Durham is going to spend $2.4 million on projects its residents will get to pick.
You don’t need to be a registered voter or U.S. citizen. Or even an adult. You just need to be a Durhamite at least 13 years old.
It’s called “participatory budgeting,” an idea that other cities including Greensboro have tried.
In that city, residents used participatory budgeting to get bus shelters, solar charging stations and playground improvements.
About 300 people in Durham have already made suggestions, including:
▪ More bilingual materials in Durham County libraries
▪ A lighted artistic gateway sign for downtown Durham on the R. Kelly Bryant Bridge over N.C. 147.
▪ Speed bumps on Berkeley Street, Kirkwood Road and Banner Street
▪ Crosswalks at Cornwallis Road intersections
▪ Historic images or artwork on blank walls of buildings on East Chapel Hill Street between Foster Street and Five Points
▪ Sidewalks on Hillandale Road, Iredell Street, Rose of Sharon Road, Hope Valley Road, Lumley Road and several others
▪ “Cheap, retro advertising” billboards at the old Durham Athletic Park
▪A tiny houses community
▪ Pedestrian bridges over busy streets like Roxboro, Duke and Leon streets
▪ A supervised visitation center for parents and children
▪ Enhancements to the historic corridor of Bragtown
▪ Painted crosswalk artwork in neighborhoods across Durham
▪ Burying overhead wires and cables
▪ More recreation centers
▪ Flood mitigation
▪ A public nature preserve or park at Mangum and Hunt streets
▪ A school cafeteria composting program
▪ Doulas, or birth companions, for all pregnant women in labor
▪ Participation in International Self-Care Day promoting healthier life styles
▪ Pump track for bicycles at Belmont Park
▪ Street lights in Colonial Village
▪ Signage for the R. Kelly Bryant Bridge for pedestrians on side streets nearby
▪ Improvements to Hillside Park
Check out all the ideas or submit your own at pbdurham.mapseed.org.
How it got started
Mayor Pro Tem Jillian Johnson, who has promoted participatory budgeting, wanted to spend $2.5 million, but city staff members recommended just $750,000
In May, the City Council voted 5-2 to spend $2.4 million, or less than 1 percent of the city’s annual budget.
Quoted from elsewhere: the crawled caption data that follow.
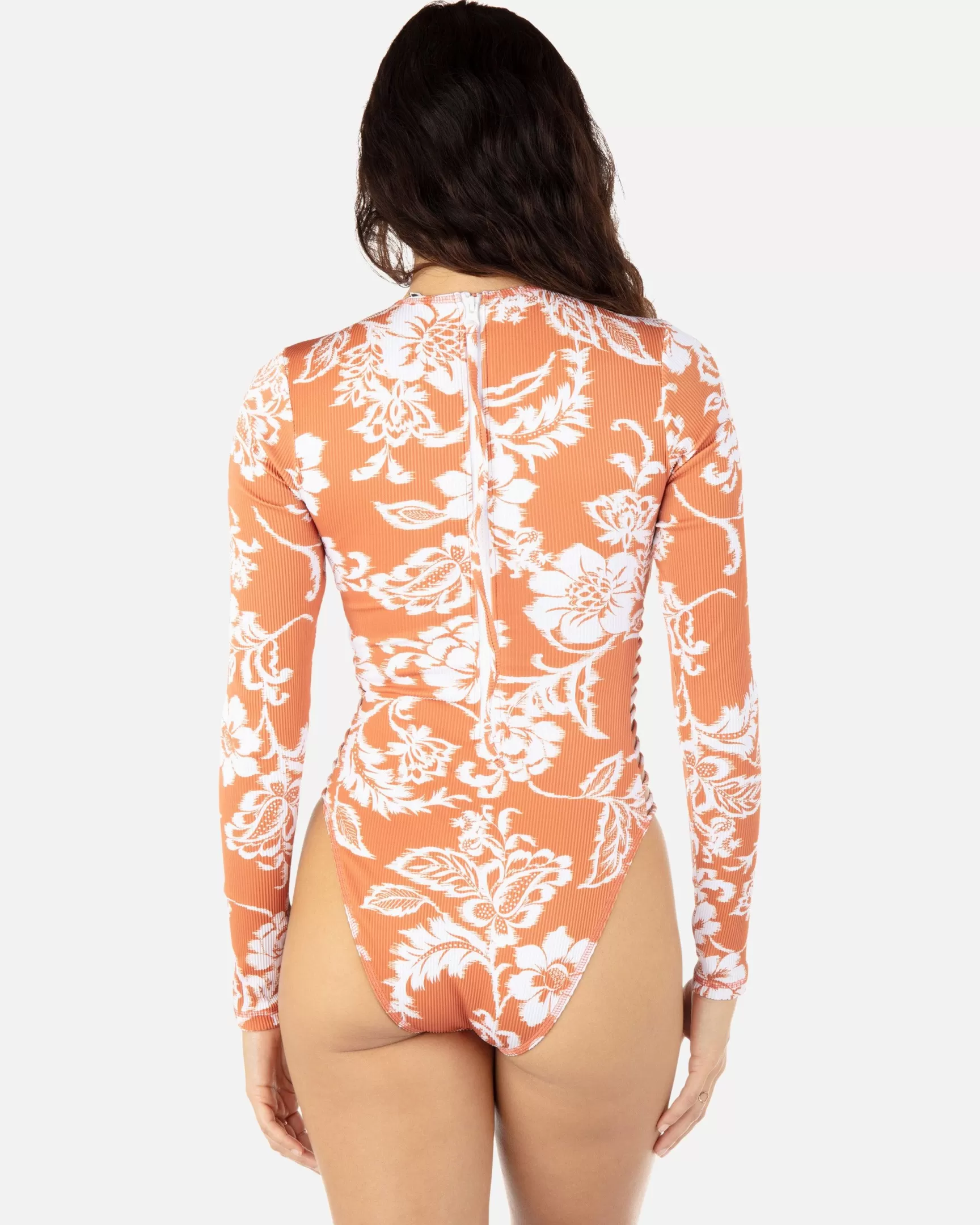 Floral Ikat Long Sleeve Zip Back Moderate Surf Suit*Hurley Online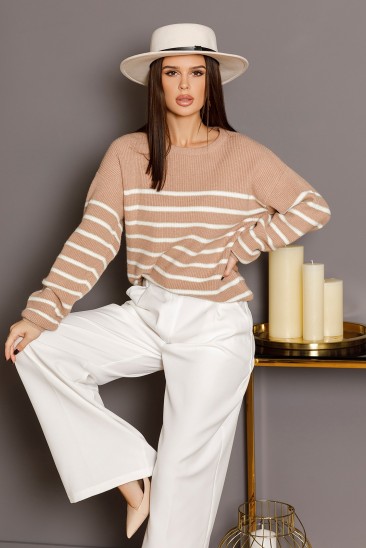 Бежево-белый вязаный полосатый свитер с люрексом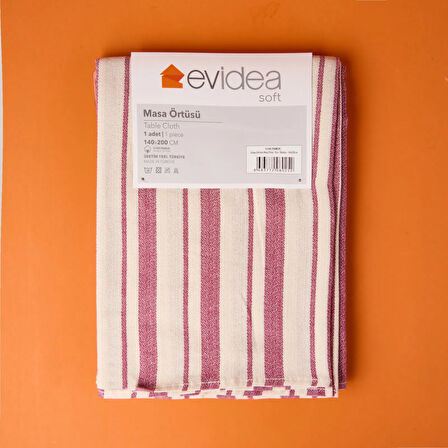 Soft Alno Masa Örtüsü - Ekru / Mürdüm - 140x200 cm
Mayor Steve Schewel and City Council member Mark-Anthony Middleton voted no. They both wanted an amount closer to what the staff had recommended.
The deadline for ideas is Friday, Dec. 21. This winter, volunteer budget delegates will develop ideas into feasible proposals that will be vetted. The project proposals will be voted on in May, and winning projects will get underway when the new fiscal year starts in July.